Writing a VM capable of executing expression trees is different from writing a VM for executing assembly instructions. Here I’ll cover several issues stemming from this difference.
The first group of issues involve generality. Supporting a specific instruction set is a straightforward job, even if a hard one. Vial has to support multiple platforms and that’s a little tricky. These are just a few of the problems:
- Different registers for each instruction set. This one is easy enough to solve. Just have a node in the expression tree with some value to indicate the register.
- Register overlaps. A change to one register implies a change to its parents and its children. Consider RAX->EAX->AX->AH,AL. Changing EAX will affect all of the registers in the hierarchy.
To handle this, we wrote a CPU class to keep all the info about the platform, including register overlaps. - Delayed branches. Some platforms have branch delay slots. This means that after any branch instruction, right before the branch is taken, instructions in the delayed slots are executed anyway. For instance, SPARC has three delay slots, while MIPS has just one. This isn’t an easy issue to solve, and for now we didn’t tackle it. We’ve got a few ideas though.
To make sure that our implementation is generic enough, we decided to write a skeleton disassembler implementation for MIPS as well.
The second group of issues involve the nature of expression trees versus instructions:
- Stepping over statements or instructions? Each expression tree for an instruction usually holds more than one statement. For example, dec eax changes eax as well as the zero flag. Since some instructions like rep stosd may contain a long loop, being able to step over statements instead of expressions is preferable.
The problem is, executing expression trees is done with a DFS-like walk. If implemented with recursion it makes pausing the walk for each step a bit complicated. However, recursion is the clearest way to write the execution code, and I’d rather not give it up.
My solution was to use Python generators. Each time a statement was executed, the function would yield, thus returning control to the calling function, while keeping its state intact.
- Instruction Pointer changes. The lower-level disassembler returns expression trees for each instruction. However, it does not return the jump to the next instruction as well. While this is the required behavior, it means that the VM should change the instruction pointer after executing each instruction.
This is easier said than done: What should we do after jumps? Several possible solutions emerged.
The first was to append an IP change to each instruction’s expression. Those changes will have to be appended only where needed.

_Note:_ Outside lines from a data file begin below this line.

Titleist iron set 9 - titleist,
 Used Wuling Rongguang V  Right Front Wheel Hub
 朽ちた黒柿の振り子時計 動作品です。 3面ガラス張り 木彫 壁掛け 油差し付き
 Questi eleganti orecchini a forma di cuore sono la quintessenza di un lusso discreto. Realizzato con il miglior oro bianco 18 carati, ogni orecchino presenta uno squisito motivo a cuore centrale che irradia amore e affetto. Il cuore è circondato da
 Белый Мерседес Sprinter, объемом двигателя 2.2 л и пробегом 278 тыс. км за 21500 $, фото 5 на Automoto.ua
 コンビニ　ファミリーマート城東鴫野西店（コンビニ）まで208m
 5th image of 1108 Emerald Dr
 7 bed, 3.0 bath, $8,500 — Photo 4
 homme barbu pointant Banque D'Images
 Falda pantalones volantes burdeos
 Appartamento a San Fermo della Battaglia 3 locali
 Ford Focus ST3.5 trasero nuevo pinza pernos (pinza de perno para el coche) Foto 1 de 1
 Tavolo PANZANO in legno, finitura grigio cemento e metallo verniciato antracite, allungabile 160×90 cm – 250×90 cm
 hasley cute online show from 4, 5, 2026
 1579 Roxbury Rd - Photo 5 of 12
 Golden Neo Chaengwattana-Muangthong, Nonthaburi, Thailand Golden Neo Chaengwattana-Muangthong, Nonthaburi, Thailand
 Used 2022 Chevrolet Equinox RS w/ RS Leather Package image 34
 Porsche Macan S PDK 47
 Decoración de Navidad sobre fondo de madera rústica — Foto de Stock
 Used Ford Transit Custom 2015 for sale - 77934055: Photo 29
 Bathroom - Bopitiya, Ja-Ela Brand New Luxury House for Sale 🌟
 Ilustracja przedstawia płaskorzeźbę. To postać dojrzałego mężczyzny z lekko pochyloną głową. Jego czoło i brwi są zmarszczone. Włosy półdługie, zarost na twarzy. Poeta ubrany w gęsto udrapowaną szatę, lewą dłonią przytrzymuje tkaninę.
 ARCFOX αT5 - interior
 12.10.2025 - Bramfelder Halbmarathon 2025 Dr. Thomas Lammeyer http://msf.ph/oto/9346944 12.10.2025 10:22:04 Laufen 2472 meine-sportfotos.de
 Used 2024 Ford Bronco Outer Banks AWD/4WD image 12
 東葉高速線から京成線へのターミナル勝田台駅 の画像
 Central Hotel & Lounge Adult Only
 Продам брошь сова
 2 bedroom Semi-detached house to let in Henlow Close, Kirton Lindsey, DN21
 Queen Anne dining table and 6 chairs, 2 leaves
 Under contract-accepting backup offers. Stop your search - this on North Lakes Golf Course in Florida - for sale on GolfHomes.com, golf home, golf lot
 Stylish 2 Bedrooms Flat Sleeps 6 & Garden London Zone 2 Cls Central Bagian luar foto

A second solution was to check if the IP was changed, and if it was not, change it. This solution however will not support instructions that jump to themselves.
The last and our preferred solution was to check if the IP was touched. This solution is simple and very straightforward.
There are many more issues I didn’t write about, for example, self modifying code. I’ll leave those issues for future articles.
Regarding the 2nd 2:
Appending a change to the IP should work for all instructions, if you follow the IP to figure out what statement to execute next.
The real solution however (and you should know it), for Intel at least, is *prepending* the change to the IP for all instructions. It works for absolute jumps, and especially relative ones: jumps/calls are relative to the end of the instruction.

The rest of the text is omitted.